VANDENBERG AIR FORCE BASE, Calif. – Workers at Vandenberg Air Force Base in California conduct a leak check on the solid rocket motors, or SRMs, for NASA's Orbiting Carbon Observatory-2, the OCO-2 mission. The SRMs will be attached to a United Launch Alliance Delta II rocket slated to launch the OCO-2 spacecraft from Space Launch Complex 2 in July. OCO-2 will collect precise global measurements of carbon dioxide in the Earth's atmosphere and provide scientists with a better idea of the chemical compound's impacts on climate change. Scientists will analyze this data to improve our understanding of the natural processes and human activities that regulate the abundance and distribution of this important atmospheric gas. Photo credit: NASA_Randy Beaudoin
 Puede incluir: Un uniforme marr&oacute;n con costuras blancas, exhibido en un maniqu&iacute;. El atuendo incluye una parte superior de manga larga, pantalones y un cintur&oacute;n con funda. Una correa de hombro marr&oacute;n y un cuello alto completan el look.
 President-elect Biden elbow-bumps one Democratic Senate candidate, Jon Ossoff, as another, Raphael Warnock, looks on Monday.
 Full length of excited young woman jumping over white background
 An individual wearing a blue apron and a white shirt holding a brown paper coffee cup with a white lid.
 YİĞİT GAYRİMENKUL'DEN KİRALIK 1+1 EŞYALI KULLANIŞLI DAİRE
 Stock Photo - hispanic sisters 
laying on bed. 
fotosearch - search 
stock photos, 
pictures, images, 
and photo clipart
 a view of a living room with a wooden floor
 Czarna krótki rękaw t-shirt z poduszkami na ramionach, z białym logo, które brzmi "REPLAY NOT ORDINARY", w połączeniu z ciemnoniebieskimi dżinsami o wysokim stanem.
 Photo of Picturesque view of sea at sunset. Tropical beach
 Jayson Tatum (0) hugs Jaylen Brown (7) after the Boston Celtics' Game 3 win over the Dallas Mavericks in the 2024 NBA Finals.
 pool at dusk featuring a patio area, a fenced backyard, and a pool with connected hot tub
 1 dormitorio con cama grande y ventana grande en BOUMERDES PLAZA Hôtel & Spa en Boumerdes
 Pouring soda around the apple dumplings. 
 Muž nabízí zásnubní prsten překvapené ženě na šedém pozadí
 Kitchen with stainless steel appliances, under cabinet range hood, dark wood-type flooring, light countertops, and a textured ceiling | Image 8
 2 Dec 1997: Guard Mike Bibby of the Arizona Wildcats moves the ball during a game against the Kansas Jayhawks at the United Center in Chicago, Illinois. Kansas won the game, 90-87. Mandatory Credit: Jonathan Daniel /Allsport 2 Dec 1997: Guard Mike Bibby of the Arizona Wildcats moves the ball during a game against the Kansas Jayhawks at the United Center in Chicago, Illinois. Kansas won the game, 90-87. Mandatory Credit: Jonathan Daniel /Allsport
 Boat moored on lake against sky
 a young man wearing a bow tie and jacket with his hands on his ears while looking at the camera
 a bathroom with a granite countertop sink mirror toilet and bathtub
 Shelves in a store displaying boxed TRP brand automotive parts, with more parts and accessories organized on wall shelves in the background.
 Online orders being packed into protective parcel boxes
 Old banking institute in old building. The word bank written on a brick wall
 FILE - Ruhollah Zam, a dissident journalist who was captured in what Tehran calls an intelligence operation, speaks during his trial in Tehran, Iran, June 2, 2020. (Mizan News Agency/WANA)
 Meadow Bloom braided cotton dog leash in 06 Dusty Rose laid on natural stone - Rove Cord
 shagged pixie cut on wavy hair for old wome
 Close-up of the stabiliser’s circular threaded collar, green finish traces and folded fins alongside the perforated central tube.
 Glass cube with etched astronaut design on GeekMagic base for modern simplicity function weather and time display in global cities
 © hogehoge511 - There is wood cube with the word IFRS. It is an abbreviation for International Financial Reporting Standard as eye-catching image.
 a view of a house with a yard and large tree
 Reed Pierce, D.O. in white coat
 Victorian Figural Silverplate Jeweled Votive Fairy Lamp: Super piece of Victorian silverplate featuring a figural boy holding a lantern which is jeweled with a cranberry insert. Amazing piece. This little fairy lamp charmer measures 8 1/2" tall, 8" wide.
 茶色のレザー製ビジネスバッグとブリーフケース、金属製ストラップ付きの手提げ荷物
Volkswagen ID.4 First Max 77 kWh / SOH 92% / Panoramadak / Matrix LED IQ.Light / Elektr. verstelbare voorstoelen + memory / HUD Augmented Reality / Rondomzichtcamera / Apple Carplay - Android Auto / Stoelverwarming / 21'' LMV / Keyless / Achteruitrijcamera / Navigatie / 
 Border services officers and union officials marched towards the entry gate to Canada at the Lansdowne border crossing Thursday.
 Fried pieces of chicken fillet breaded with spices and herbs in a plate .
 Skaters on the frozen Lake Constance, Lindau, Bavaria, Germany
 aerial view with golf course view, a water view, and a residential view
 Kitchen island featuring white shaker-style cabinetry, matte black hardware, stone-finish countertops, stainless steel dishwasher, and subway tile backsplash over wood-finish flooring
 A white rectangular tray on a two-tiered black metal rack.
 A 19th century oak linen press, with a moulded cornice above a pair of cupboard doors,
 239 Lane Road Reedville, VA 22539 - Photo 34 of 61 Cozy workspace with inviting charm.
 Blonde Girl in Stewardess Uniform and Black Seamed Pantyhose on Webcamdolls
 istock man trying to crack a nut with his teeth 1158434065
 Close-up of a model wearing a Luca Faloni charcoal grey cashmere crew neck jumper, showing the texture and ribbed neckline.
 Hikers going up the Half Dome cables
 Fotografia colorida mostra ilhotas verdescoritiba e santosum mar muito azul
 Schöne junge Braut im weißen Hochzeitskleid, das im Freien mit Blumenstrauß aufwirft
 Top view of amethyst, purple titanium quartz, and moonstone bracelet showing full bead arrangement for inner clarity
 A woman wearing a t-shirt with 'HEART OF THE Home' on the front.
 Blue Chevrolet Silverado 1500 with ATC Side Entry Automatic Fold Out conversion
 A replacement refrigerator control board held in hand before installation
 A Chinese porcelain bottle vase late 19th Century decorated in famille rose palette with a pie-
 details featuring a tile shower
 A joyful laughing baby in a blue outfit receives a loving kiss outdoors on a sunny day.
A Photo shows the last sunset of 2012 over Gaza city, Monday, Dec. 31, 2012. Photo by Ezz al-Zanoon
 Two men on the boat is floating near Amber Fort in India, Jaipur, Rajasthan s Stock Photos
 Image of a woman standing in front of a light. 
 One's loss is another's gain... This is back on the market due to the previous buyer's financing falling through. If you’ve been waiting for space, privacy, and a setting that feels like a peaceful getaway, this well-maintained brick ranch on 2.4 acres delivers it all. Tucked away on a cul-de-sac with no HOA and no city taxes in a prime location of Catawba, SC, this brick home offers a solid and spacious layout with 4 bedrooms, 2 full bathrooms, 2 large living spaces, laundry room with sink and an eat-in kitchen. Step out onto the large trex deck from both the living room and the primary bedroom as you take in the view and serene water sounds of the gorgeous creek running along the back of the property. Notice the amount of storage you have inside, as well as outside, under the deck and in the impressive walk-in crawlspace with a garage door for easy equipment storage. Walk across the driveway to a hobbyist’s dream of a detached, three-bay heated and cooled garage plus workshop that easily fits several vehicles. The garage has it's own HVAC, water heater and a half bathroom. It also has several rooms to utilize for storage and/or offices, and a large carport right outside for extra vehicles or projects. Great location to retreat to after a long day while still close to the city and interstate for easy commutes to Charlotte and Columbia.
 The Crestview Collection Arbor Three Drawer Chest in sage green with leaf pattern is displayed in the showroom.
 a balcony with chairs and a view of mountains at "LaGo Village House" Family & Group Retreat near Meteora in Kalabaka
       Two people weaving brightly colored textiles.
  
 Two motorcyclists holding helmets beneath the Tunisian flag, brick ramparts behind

++++++++++

Exercise:
Above are the entries. Output exactly the lines beginning with the line that has "laying on bed." and ending with the line that has "Daniel /Allsport 2".

Task solution:
laying on bed. 
fotosearch - search 
stock photos, 
pictures, images, 
and photo clipart
 a view of a living room with a wooden floor
 Czarna krótki rękaw t-shirt z poduszkami na ramionach, z białym logo, które brzmi "REPLAY NOT ORDINARY", w połączeniu z ciemnoniebieskimi dżinsami o wysokim stanem.
 Photo of Picturesque view of sea at sunset. Tropical beach
 Jayson Tatum (0) hugs Jaylen Brown (7) after the Boston Celtics' Game 3 win over the Dallas Mavericks in the 2024 NBA Finals.
 pool at dusk featuring a patio area, a fenced backyard, and a pool with connected hot tub
 1 dormitorio con cama grande y ventana grande en BOUMERDES PLAZA Hôtel & Spa en Boumerdes
 Pouring soda around the apple dumplings. 
 Muž nabízí zásnubní prsten překvapené ženě na šedém pozadí
 Kitchen with stainless steel appliances, under cabinet range hood, dark wood-type flooring, light countertops, and a textured ceiling | Image 8
 2 Dec 1997: Guard Mike Bibby of the Arizona Wildcats moves the ball during a game against the Kansas Jayhawks at the United Center in Chicago, Illinois. Kansas won the game, 90-87. Mandatory Credit: Jonathan Daniel /Allsport 2 Dec 1997: Guard Mike Bibby of the Arizona Wildcats moves the ball during a game against the Kansas Jayhawks at the United Center in Chicago, Illinois. Kansas won the game, 90-87. Mandatory Credit: Jonathan Daniel /Allsport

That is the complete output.